**Task details**
Starting with the first line and ending with the last, copy the entries word for word.

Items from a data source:
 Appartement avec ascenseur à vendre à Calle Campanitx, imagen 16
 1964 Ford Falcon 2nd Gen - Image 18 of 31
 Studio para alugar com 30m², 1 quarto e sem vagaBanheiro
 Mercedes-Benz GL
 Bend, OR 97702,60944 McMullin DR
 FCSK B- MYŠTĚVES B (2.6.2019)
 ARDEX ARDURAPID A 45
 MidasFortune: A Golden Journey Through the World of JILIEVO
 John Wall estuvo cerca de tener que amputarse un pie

**Written solution**
 Appartement avec ascenseur à vendre à Calle Campanitx, imagen 16
 1964 Ford Falcon 2nd Gen - Image 18 of 31
 Studio para alugar com 30m², 1 quarto e sem vagaBanheiro
 Mercedes-Benz GL
 Bend, OR 97702,60944 McMullin DR
 FCSK B- MYŠTĚVES B (2.6.2019)
 ARDEX ARDURAPID A 45
 MidasFortune: A Golden Journey Through the World of JILIEVO
 John Wall estuvo cerca de tener que amputarse un pie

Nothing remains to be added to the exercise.